The file system interface is implemented through CephFS. Both data (file content) and metadata (directories, files) in the CephFS file system are stored on the OSD in the form of objects. The client can be mounted in application layer mode using ceph fuse or in kernel mode using the kernel's mount ceph. Both modes communicate with the MDS to obtain the directory structure information of the file system and access the corresponding OSD. The metadata of CephFS is also stored in the object, the prefix of the object is msd_, and the stored content includes the index node, metadata log and snapshot of the file system. When MDS starts, it will read the file system metadata object and cache it in memory, and the client needs to communicate with it to query or update the metadata information.

Ceph is a general-purpose distributed file system, suitable for different scenarios. The optimization of the internal mechanism will improve the performance of all scenarios, but the difficulty and complexity of optimization are also the highest.

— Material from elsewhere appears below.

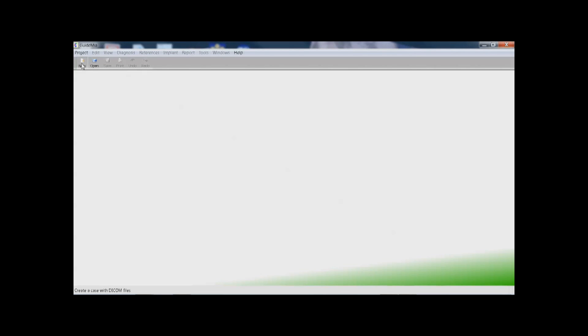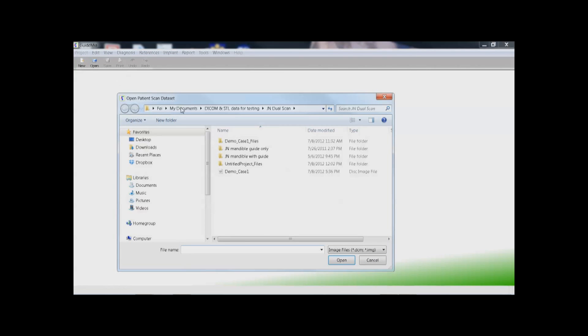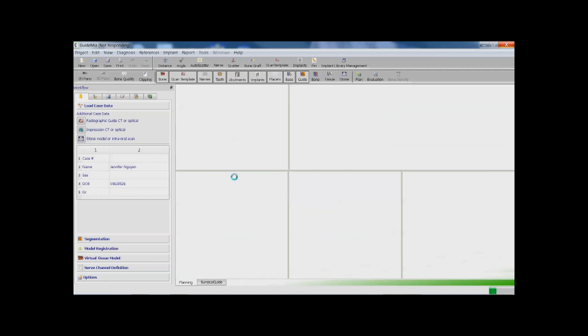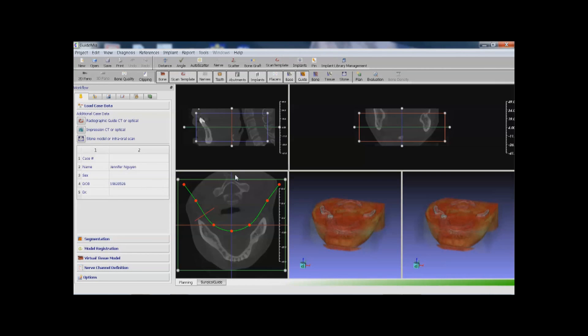In order to start a case, all we need to do is browse to the DICOM file folder and select any file in the DICOM series. The patient scan is now loaded.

In a distributed storage system, data is distributed across a large number of storage servers, and most distributed storage systems directly use local file systems to store data, such as HDFS and Luster. A high-performance, highly reliable distributed storage system is inseparable from an efficient, consistent, stable, and reliable local file system. The code of the local file system has been tested and optimized for performance for a long time, and there are corresponding solutions for data persistence and space management. The file system provides a POSIX interface, through which the distributed file system can switch between different local file systems.

Early versions of Ceph used the method of storing objects in the storage backend of the local file system, which is called FileStore. FileStore puts objects and object attributes on the local file system through the POSIX interface, such as XFS, ext4, btrfs, etc. Initially, object attributes were stored in POSIX extended file attributes (xattrs), but when object attributes later exceeded the size or count limit of xattrs, FileStore stored object attributes in LevelDB. The reasons why the local file system cannot be well adapted to Ceph's object storage requirements mainly include the following aspects.

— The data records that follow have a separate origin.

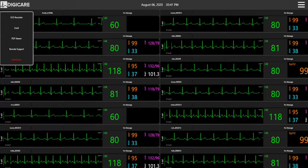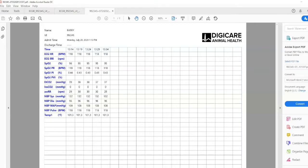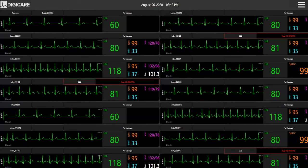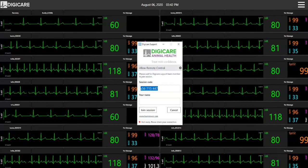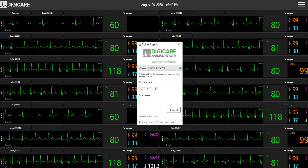Tabular data can be saved in an Excel format. You can also save the tabular reports as a PDF. Customer support and satisfaction are a top priority at DigiCare Animal Health.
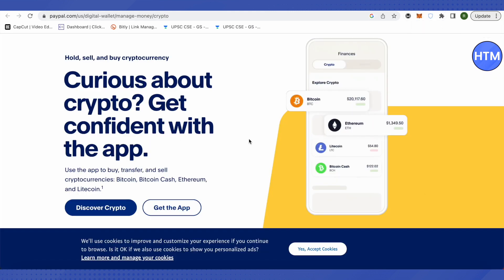This is available only on the PayPal app. On the PayPal app, find the Finances section. In the Finances section you will find Cryptos, so just click on Bitcoin and copy the Bitcoin address.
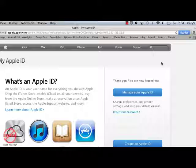You can also use it for purchasing books, newspapers, and magazines — things like that. So the Apple ID is really important.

1) The separation of data and metadata is not complete, resulting in slow object addressing. FileStore places objects in different directories according to their prefixes. Objects need to be addressed multiple times when they are accessed, and files in the same directory are not sorted.

2) The local file system does not support object transaction operations. In order to support the characteristics of write transactions, FileStore uses the write-ahead log function to ensure the atomicity of transactions. This leads to the problem of "double writing" of data, resulting in a waste of half of the disk performance.

3) The local file system also has operations such as logs to ensure consistency, which further leads to write amplification.

The drawbacks of using the local file system as backend storage lead to poor performance of FileStore. Our test results show that the write performance of the block storage service under the condition of three copies cannot even reach 1/3 of the performance of the hard disk itself.

In response to the defects of FileStore, the Ceph community redeveloped BlueStore in 2015. The logical structures of the two storage backends are shown in the figure. BlueStore shortens the IO path by directly managing raw devices. The Ceph community designed a simplified file system, BlueFS, which bypasses the local file system layer and solves the problem of inefficient traversal of the file system hierarchy. It uses KV index to store metadata, strictly separates metadata and data, and improves indexing efficiency. These improvements solve the problem of "double writing" in the log and bring about a greater improvement in read and write performance.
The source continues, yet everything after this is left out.